Avant les choses étaient
simples, trop simples même !
Il n’y avait RIEN, c’est- à-dire un NON DIT quotidien et bien pensant
sur la sexualité, puis est apparue la SEXOLOGIE moderne dans les
années 70 du XX e siècle.
Là tout a changé, car on a commencé à nommer les choses d’abord et à permettre aux mots de
revenir dans les dialogues au quotidien.
• L’onanisme est redevenu la masturbation.

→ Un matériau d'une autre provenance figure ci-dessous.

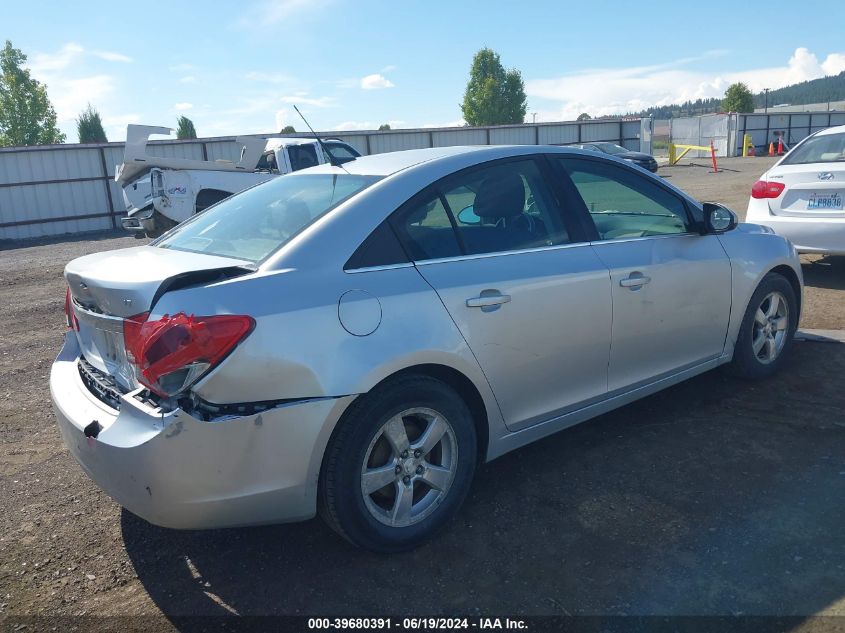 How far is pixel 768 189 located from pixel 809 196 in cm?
43

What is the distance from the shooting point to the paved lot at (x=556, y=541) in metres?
2.75

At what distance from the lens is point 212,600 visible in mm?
2826

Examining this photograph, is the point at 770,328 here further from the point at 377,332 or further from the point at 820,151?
the point at 820,151

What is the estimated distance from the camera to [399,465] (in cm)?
299

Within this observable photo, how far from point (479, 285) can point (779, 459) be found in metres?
1.89

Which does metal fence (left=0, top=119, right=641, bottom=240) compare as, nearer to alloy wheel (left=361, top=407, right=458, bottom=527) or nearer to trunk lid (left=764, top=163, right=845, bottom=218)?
trunk lid (left=764, top=163, right=845, bottom=218)

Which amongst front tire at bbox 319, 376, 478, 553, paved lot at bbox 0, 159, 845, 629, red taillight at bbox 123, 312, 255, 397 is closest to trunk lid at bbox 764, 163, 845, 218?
paved lot at bbox 0, 159, 845, 629

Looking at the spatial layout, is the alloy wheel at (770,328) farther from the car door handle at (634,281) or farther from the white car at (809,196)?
the white car at (809,196)

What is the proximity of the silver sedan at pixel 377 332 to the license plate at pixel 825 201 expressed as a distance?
3.39 meters

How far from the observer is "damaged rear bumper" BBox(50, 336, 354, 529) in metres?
2.54

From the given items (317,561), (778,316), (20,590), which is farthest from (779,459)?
(20,590)

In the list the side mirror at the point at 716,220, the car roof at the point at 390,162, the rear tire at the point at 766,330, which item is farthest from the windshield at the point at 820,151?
the car roof at the point at 390,162

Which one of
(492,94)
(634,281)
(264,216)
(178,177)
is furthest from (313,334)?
(492,94)

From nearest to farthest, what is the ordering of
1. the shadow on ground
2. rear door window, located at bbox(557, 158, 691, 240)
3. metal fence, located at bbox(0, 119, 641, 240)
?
the shadow on ground → rear door window, located at bbox(557, 158, 691, 240) → metal fence, located at bbox(0, 119, 641, 240) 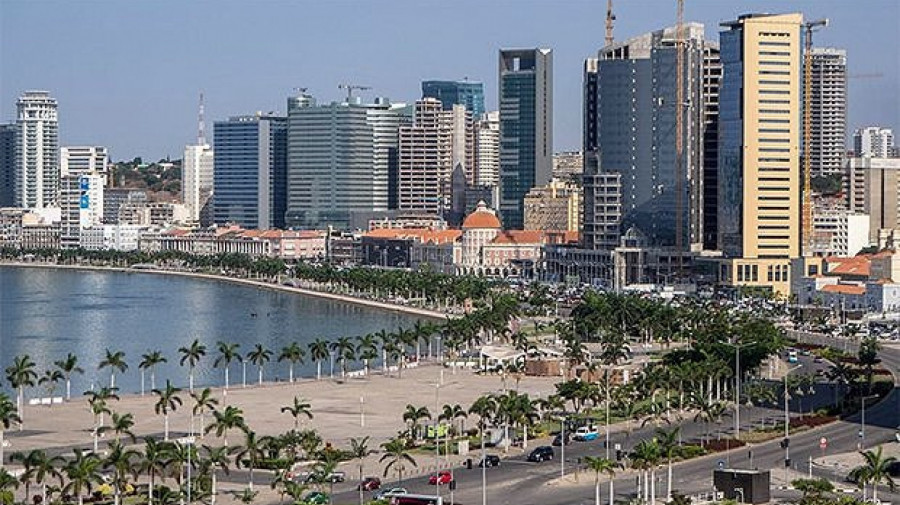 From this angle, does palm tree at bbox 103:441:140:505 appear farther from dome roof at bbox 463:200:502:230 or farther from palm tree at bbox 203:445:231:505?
dome roof at bbox 463:200:502:230

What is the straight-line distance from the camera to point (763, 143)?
108m

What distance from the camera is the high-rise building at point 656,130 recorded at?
12219cm

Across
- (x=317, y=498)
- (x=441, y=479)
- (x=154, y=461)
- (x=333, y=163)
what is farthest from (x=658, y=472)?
(x=333, y=163)

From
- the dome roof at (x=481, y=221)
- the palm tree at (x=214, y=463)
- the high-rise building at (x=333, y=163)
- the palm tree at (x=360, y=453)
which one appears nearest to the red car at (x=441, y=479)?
the palm tree at (x=360, y=453)

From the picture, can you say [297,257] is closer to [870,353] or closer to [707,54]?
[707,54]

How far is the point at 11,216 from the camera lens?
19488 cm

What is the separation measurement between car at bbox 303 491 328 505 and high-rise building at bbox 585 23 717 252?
85.1 metres

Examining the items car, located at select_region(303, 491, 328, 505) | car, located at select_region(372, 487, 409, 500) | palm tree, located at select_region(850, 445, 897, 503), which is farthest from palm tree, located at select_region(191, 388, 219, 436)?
palm tree, located at select_region(850, 445, 897, 503)

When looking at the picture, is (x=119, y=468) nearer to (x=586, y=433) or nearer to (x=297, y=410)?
(x=297, y=410)

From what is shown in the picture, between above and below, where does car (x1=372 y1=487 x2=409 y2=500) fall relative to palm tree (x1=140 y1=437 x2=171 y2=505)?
below

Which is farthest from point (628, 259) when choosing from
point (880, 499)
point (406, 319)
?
point (880, 499)

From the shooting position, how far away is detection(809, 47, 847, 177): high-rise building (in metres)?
181

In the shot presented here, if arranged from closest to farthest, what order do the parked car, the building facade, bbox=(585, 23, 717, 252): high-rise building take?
the parked car, bbox=(585, 23, 717, 252): high-rise building, the building facade

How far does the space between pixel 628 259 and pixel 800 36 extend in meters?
22.0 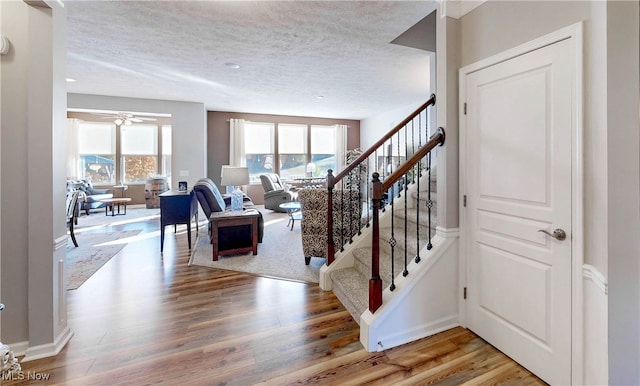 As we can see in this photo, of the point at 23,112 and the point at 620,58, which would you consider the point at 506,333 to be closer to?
the point at 620,58

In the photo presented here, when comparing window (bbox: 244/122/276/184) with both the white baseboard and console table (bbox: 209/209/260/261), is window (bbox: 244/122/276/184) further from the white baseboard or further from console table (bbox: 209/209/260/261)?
the white baseboard

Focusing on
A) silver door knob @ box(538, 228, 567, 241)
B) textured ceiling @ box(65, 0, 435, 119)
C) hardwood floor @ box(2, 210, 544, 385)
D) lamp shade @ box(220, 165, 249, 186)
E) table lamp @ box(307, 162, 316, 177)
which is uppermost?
textured ceiling @ box(65, 0, 435, 119)

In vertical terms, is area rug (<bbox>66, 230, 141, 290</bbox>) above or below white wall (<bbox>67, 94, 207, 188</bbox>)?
below

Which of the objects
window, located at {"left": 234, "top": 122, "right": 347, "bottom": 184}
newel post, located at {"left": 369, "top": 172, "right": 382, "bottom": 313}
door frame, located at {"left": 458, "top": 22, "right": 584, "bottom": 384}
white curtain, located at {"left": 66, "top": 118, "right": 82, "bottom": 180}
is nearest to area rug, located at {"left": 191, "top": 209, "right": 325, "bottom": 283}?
newel post, located at {"left": 369, "top": 172, "right": 382, "bottom": 313}

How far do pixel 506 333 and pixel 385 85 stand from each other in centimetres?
475

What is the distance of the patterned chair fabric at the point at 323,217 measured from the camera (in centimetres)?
326

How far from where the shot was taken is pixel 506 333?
187 centimetres

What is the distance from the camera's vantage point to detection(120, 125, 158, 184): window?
852cm

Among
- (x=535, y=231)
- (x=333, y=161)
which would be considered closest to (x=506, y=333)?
(x=535, y=231)

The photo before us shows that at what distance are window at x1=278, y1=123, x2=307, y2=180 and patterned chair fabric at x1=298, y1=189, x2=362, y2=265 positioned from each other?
5.95 meters

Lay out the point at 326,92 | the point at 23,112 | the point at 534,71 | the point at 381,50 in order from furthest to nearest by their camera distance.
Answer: the point at 326,92, the point at 381,50, the point at 23,112, the point at 534,71

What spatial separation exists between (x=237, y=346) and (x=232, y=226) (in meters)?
2.18

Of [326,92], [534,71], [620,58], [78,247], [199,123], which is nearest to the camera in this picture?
[620,58]

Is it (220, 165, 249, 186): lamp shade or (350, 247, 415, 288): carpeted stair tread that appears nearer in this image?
(350, 247, 415, 288): carpeted stair tread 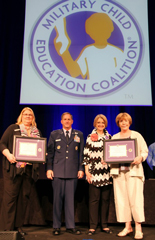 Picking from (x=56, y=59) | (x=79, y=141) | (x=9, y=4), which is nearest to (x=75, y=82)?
(x=56, y=59)

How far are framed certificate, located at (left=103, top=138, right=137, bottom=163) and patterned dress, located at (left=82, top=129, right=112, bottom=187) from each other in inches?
5.8

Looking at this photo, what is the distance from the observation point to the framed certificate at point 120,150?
272 centimetres

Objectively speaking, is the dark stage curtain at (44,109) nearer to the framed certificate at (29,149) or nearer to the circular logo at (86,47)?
the circular logo at (86,47)

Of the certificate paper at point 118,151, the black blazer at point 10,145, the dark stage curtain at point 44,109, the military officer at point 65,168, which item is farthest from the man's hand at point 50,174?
the dark stage curtain at point 44,109

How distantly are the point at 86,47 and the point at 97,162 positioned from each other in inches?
83.3

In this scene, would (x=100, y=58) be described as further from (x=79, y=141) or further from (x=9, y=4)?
(x=9, y=4)

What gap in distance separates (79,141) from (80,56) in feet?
5.60

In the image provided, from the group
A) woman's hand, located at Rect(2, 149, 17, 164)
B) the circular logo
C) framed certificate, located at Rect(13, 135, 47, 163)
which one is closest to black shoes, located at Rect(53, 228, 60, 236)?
framed certificate, located at Rect(13, 135, 47, 163)

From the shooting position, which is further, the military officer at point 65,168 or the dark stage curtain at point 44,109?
the dark stage curtain at point 44,109

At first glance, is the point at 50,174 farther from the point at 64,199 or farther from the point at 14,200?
the point at 14,200

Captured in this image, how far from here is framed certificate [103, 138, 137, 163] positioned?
107 inches

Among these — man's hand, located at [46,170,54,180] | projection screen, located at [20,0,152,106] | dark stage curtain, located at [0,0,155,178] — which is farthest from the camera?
dark stage curtain, located at [0,0,155,178]

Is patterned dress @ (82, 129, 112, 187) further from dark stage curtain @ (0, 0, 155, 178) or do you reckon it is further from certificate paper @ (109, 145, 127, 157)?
dark stage curtain @ (0, 0, 155, 178)

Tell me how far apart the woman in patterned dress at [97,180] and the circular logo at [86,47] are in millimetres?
1277
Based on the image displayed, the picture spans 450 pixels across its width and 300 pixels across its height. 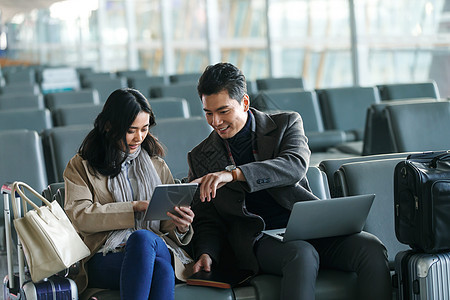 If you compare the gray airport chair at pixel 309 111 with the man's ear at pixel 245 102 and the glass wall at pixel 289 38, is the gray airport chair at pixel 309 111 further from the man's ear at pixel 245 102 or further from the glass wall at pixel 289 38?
the man's ear at pixel 245 102

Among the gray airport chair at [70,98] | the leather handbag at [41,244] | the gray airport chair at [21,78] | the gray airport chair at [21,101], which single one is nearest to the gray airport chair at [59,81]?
the gray airport chair at [70,98]

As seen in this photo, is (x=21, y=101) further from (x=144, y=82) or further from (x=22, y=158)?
(x=22, y=158)

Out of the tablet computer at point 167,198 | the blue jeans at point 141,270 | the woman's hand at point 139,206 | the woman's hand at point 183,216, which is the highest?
the tablet computer at point 167,198

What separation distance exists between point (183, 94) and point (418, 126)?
270cm

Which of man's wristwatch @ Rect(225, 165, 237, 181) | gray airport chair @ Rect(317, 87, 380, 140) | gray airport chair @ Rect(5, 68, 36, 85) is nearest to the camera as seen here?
man's wristwatch @ Rect(225, 165, 237, 181)

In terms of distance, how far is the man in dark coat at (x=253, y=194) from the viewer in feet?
8.83

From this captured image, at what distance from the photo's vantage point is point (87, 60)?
24.4 m

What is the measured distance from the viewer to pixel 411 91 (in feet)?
20.2

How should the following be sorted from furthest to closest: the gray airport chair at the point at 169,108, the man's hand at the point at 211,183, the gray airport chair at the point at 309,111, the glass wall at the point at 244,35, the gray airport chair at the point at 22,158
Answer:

• Le plaisir est redevenu l’orgasme.
• Copuler est redevenu faire l’amour.
• L’orgasme a pris le train en marche pour retrouver ses lettres de
noblesse, avant de s’ériger en dogme féministe d’abord et médiatique ensuite,
et enfin de rentrer de nouveau dans un rang sans normativité.
• L’impuissance était bien celle du patient et du thérapeute, réunis
dans un dilemme où le temps n’était pas forcément un ennemi.
C’était le temps des COMBATS, le
temps où nous étions des "Hors la Loi", dont les adresses se refilaient
sous le manteau et où nos prescriptions appelaient immanquablement un
appel de la part des pharmaciens nous demandant une confirmation de
la posologie, au mieux, une justification des prescriptions hors AMM, au
pire.
C’était le temps où nous étions ignorés de la part des médecins, "les
vrais" qui eux ne cherchaient pas à l’époque à recevoir ceux qui
souffraient dans leur sexualité, car cela faisait "désordre" et leur prenait trop
de temps.
C’était le temps où nos congrès n’avaient aucune couverture médiatique,
mais cela importait peu car chacun d’entre nous apportait ses sensations, ses convictions, ses
hypothèses.
Certes, nous échafaudions des théories sans présenter des cohortes de patients
soignés (avec quoi !!) en double aveugle contre placebo. Ces théories
n’étaient pas si idiotes que cela, car elles ont trouvé ensuite un écho
scientifique, la recherche médicale s’y est investie et elles ont permis à bien
des gens de reprendre une sexualité parfois épanouie.
Naturellement, on était loin des pourcentages retentissants des succès à
l’américaine de Masters et Johnson, mais chaque succès nous suffisait et
leur rendait l’espoir.
En 1975, lors d’un colloque de l’OMS
à Genève, est apparue pour la première fois la notion de Santé Sexuelle,
bien vite reléguée au rang de l’oubli unanime, même de la part des
sexologues, repliés sur la prise en charge des symptômes.
Depuis 1998 et l’arrivée du VIAGRA, nous tombons dans l’excès
inverse ! Tout le monde s’occupe de sexualité et traite grâce à une
pharmacopée active et révolutionnaire, les symptômes qui s’étalent à la une des
journaux, avant de coloniser nos cabinets.
Le temps n’a plus la même importance et bon nombre d’entre nous vivent
leurs prescriptions dans une notion d’urgence, d’urgence de résultats et
d’urgence de puissance.
Mais traiter un symptôme est-ce traiter la sexualité de celui ou celle qui le
porte et qui n’est pas forcément celui ou celle qui fait " mal " fonctionner la
sexualité du couple ?
S’occuper du futur de nos patients en s’interrogeant sur des co-morbidités
(quel mot horrible !), est-ce bien régler leurs problèmes souvent
inhérents à la constitution même de leur couple ?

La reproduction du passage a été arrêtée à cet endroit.